- DFlash on NVIDIA Jetson AGX Thor (SM110a) — Proven Single-Node Deployment Guide
- TL;DR — what works
- The image: vLLM from source + fastsafetensors
- How to run (proven configs)
- The 122B Marlin crash, and the cutlass + TRITON_ATTN fix
- Benchmarks — concurrency 1, single Thor, 120W, T=0
- Why this matters: conc=1 single-node decode, and DFlash vs MTP
- Optimizations that DON'T help (so you don't chase them)
- Operational rules (Thor-specific)
- Files
- Model weights
- Credits
- TL;DR — what works
DFlash on NVIDIA Jetson AGX Thor (SM110a) — Proven Single-Node Deployment Guide
Block-diffusion speculative decoding (DFlash) for Qwen3.5 / Qwen3.6 NVFP4 models, running on a single NVIDIA Jetson AGX Thor — aarch64, compute sm_110a, ~117 GB unified LPDDR5X, CUDA 13, L4T r38. This repo is the field guide for actually getting these models stable on Thor: the from-source vLLM image, per-model launch configs, the 122B Marlin-crash discovery and its fix, full k-sweeps, and conc=1 decode benchmarks for four model sizes.

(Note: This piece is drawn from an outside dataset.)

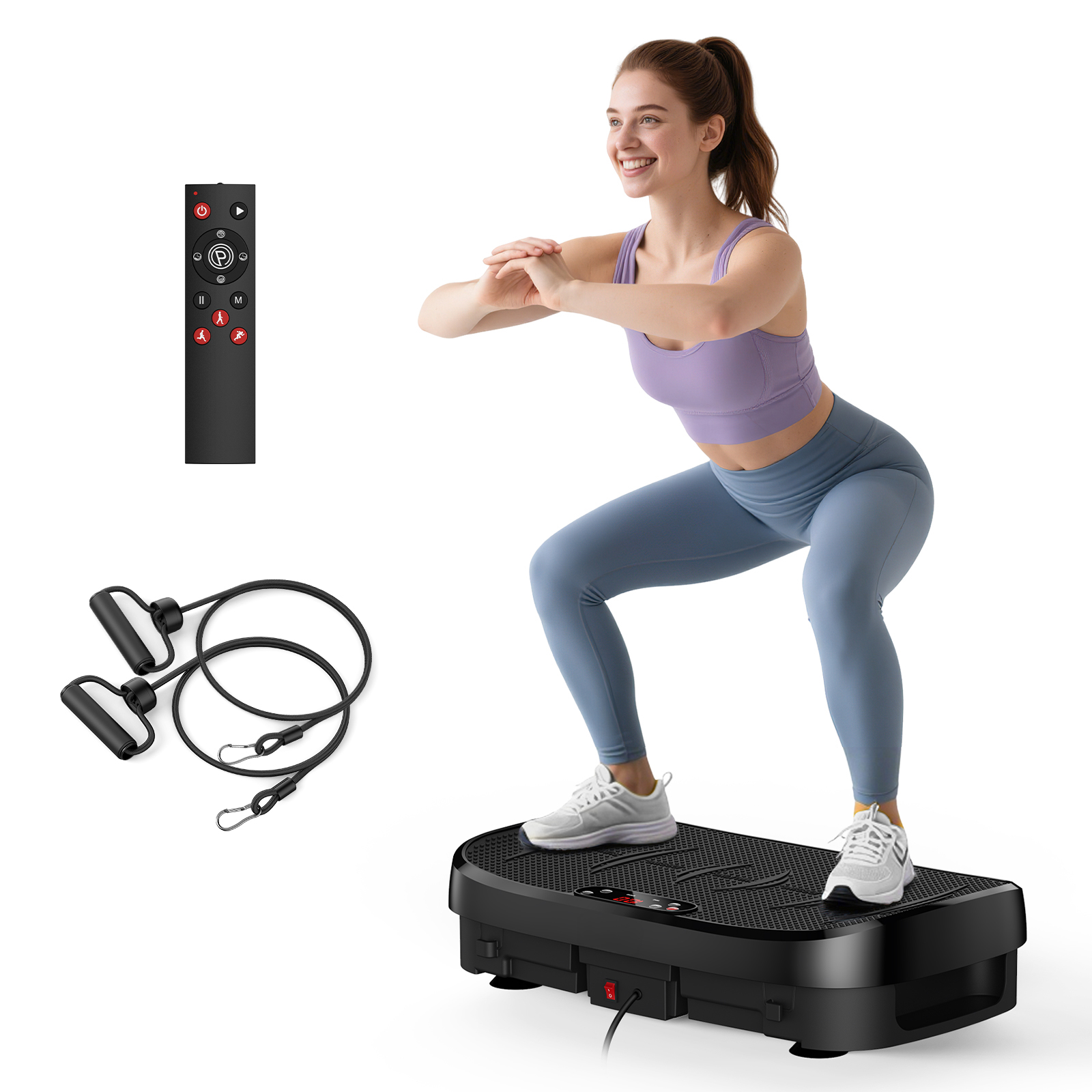 Plate Compactor Vibrator - Vibration Plate Fat Burning Fitness Platform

This is Thor-specific. The upstream DFlash drafters and the general model cards live at z-lab. Numbers here are measured on Thor at concurrency 1, not the B200 numbers from the paper.
TL;DR — what works
| Model | Active | MoE backend | Attn backend | Optimal k | Peak DFlash tok/s (conc=1) | vs AR |
|---|---|---|---|---|---|---|
| Qwen3.5-4B-NVFP4 (GDA-hybrid) | 4B | n/a (dense) | flash_attn | 15 | 155.8 | 3.2× |
| Qwen3.6-35B-A3B-NVFP4 (MoE) | 3B | marlin | flash_attn | 12 | 139.1 | — |
| Qwen3.6-27B-NVFP4 (dense) | 27B | n/a (dense) | flash_attn | 15 | 50.1 | — |
| Qwen3.5-122B-A10B-NVFP4 (MoE) | 12B | cutlass ⚠️ | TRITON_ATTN ⚠️ | 10 | 52.6 | 1.7× |
⚠️ The 122B is the special case. Marlin (the backend that's fastest for the 35B) hard-crashes loading the 256-expert 122B. It must run cutlass MoE + TRITON_ATTN. See the 122B section.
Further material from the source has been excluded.